Wednesday, March 16, 2005

Apathy Jack writes:

So, a fifteen year old girl goes home at tea time, but her mother is to drunk to cook dinner. The girl’s eighteen year old sister takes offense at this, so attacks Mum, giving her a black eye and sundry facial lacerations. The girl makes two calls: First to the police, second to her father, to see if she can come and live with him for a while...

The girl is one of my students. Her sister is one of my ex-students. I’ve met Mum a bunch of times.

My brother says he can’t imagine being emotionally involved in one’s work.

And y’know, just some days, I sit back and think about what it would be like to work in a shop somewhere. Some drone job where I get to shut down when I close the door.

I think of the students who come to me for help with their studies because they go through so many English teachers in the course of a year that I’m the only one who they even recognise. I think of the kid in my form class who brought some of her home troubles into class and was told today by the Dean “I will make sure you are kicked out of school.” I think of the rolling fight that broke out between the Indians and the Islanders yesterday. I think of the sentence of community service - with no actual jail time - that was just handed down to the man who raped one of my girls last year. Then I stop thinking.

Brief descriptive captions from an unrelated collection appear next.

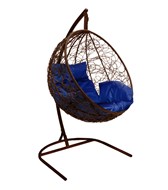 Кресло-кокон подвесное MILAN COMFORT (коричневый/синий) в Екатеринбурге - предосмотр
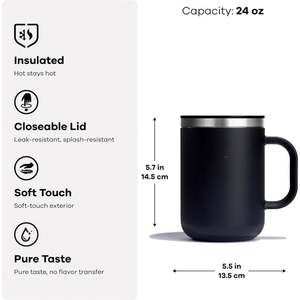 Tasses isothermes légères en acier inoxydable pour le voyage, bouteille à café pour le bureau et l'usage quotidien - Product Image 2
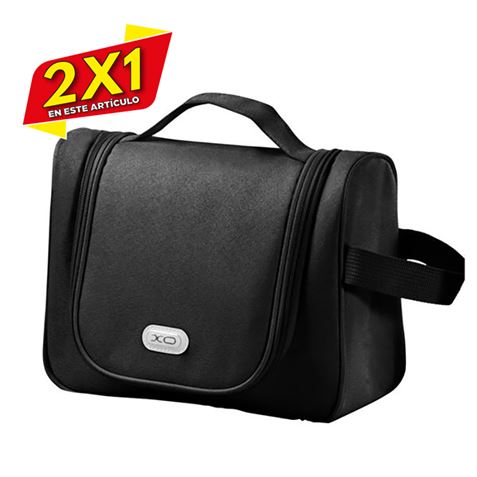 NECESER VIAJE 25X20X9CM CB07 NEGRO XO (2 X 1)
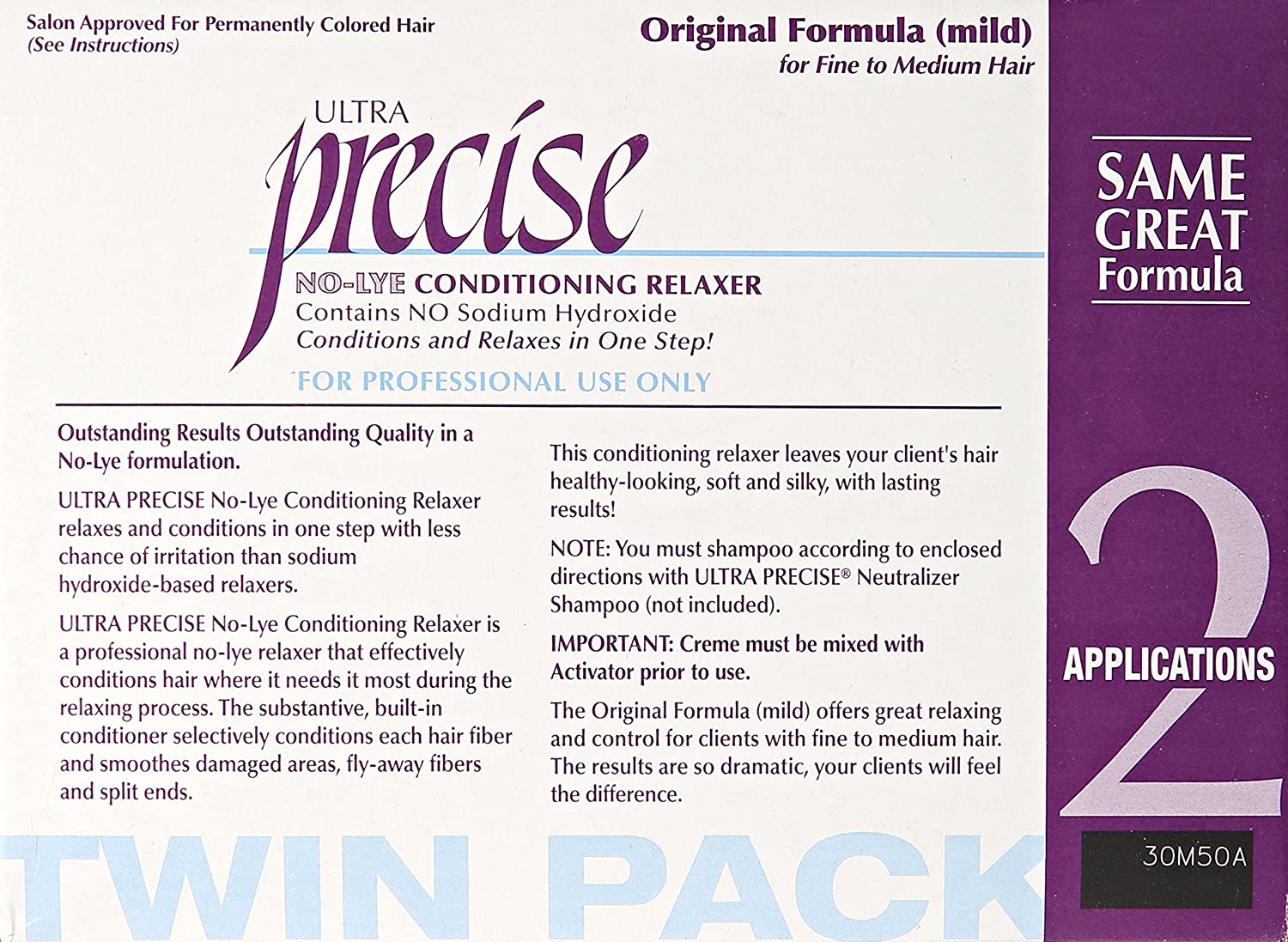 ULTRA PRECISE RELAXER KIT MILD - Professional Hair Straightening & Relaxing Treatment for All Hair Types - Perfect for Salon-Quality Results at Home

Been waking up a lot at night recently...

1 comment:

Josh said...

Indeed - my job pretty much requires me to not be emotionally involved in my work. The number of times I get requests to revise, alter or generally fuck with something I've produced, yet still my first reaction is always "you want me to change my work? Who's the professional writer here, asshole?" And then I take a deep breath, actually read through their suggestions calmly, and most of the time realize that they make perfect sense, and that my job is to produce documentation that's as useful as possible, not to stroke my precious ego.